There are probably many other articles on playing well with tandems. I’m sure every tandem team has their unique views on this subject. Having just completed our first commercial ride of the season, riding in a large pack of single bikes, several things come to mind that will or will not endear you to us and most other tandem teams.
“She’s not pedaling back there”
While you may think it’s creative and funny to say “she’s not pedaling back there” it is NOT creative OR funny. We hear it multiple times a day. It’s insulting. It is the equivalent of passing someone and shouting, “You lazy slob. Why don’t you get to work?” Here’s just a few of the many creative and positive comments we’ve heard recently:
- Wish I had someone to help me up this hill!
- Great teamwork you guys!
- Hey, I didn’t think you had to pedal in the back!
- Which one of you works the hardest?
- Double the horse-power!
- When are you going to let her drive?!
- Stroke-Stroke-Stroke (on opening-day of boating season)
- That looks like FUN!
- She’s following you kinda close, isn’t she?!
On your left
While shouting out “on your left” is an excellent protocol for passing another cyclist, when you hear a loud honking-horn, please know that we’re coming up on you FAST. It’s a great help if you can move to your right. Tandems have two heavy engines and the wind resistance of only one bike. So when we get moving down a big hill we can easily hit 45-50 mph and once hit 59.9 mph! We may also honk to warn you of upcoming cars when “car back” wouldn’t be heard.
No free rides
Yes, we go fast downhill and often on the flats. And we tend to be much slower than singles on the uphills, though of course this is entirely engine dependent. When singles see a tandem often the first thought is, I want to hitch a ride. We are more than happy to have folks draft us. It usually motivates us to push harder.
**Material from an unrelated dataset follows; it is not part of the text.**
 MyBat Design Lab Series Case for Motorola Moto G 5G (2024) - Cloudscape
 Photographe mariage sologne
Here are a few helpful guidelines to make this safe and friendly:
- Ask us if it’s OK. This lets us know you’re there.
- If we signal a hole or debris, please repeat the signal for whoever else may have joined the “train”.
- We are not as agile as a single bike so pay close attention and expect the unexpected.
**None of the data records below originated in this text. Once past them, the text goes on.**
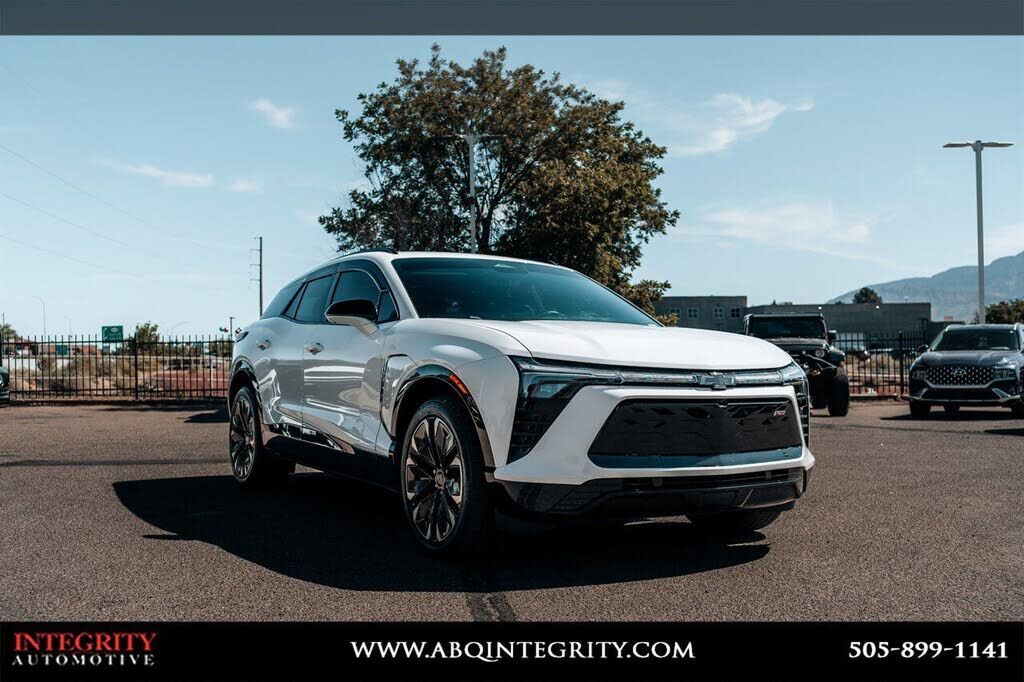 2024 CHEVROLET Blazer EV
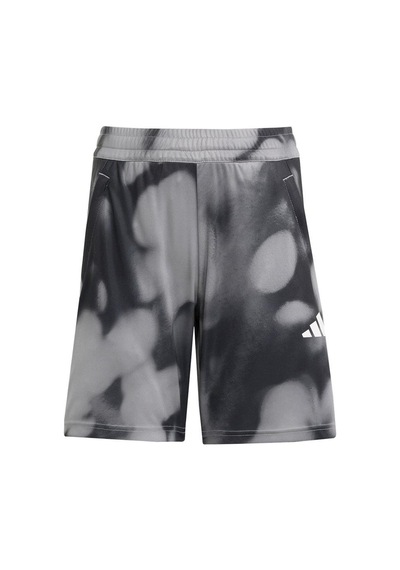Adidas Çocuk Gri Şort J Spr Aop 2 Sho Jm3782 Gri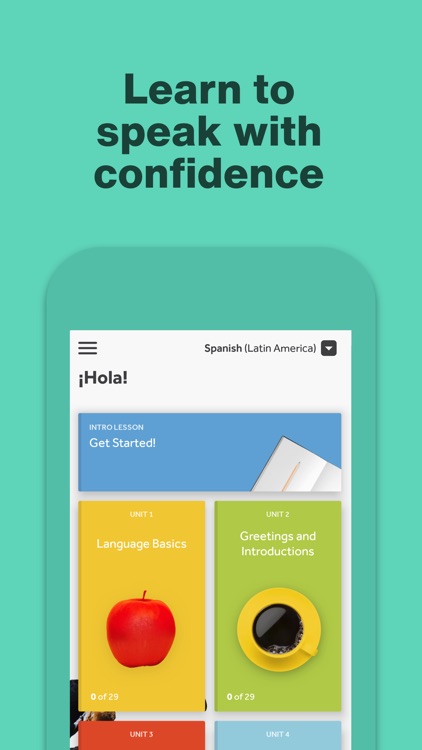 Rosetta Stone: Learn Languages screenshot-0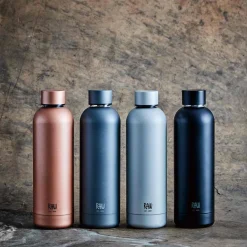 Outlet RAW Termoflaske 0,5 L, Metallic Rosegold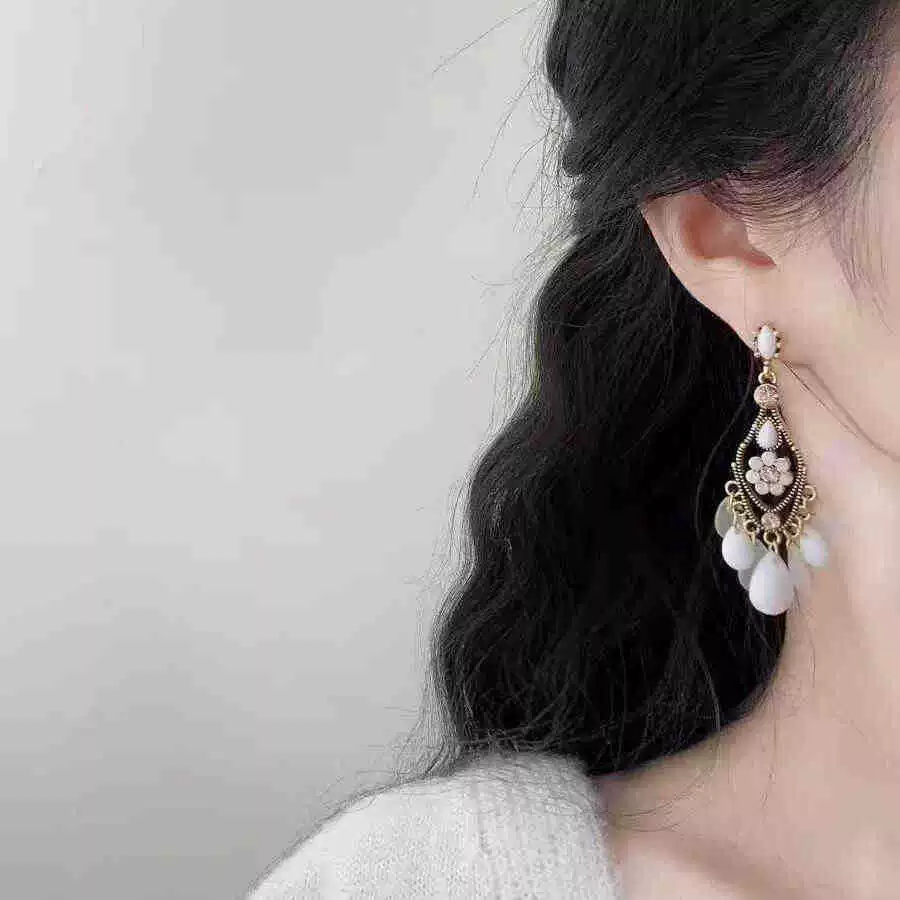 Серебряные серьги со штифтом, модный мини-дизайн, бохо-стиль, простой и элегантный дизайн, тренд сезона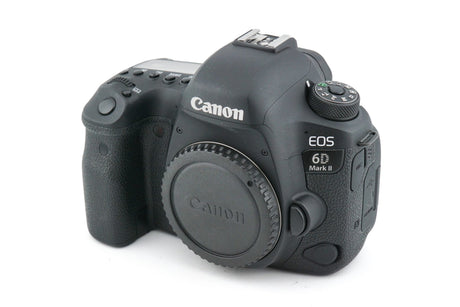 Canon EOS 6D Mark II - segunda mano - excelente estado - foto principal - SKU 3784245 - Camera Market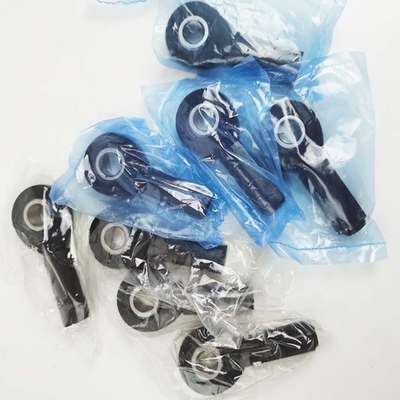 Universal 1/2 in x 5/8 in Gewinde Aluminium Tie Rod Endlager Link Heim Verbindung für Radius Stangen Langlebige Leistung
- Never get so close that your wheel touches.
- If you’re strong enough, offer to take a turn pulling us. We appreciate the thought even if it’s not always practical.
- We will slow down rapidly when we come to up hills.
- Instead of just taking off past us up the hill, be friendly. Say a few words. Thank you is nice but not necessary. Anything that acknowledges we exist as more than a tool to ease your ride is greatly appreciated.
If you ride a tandem, we welcome your additions and views to this topic.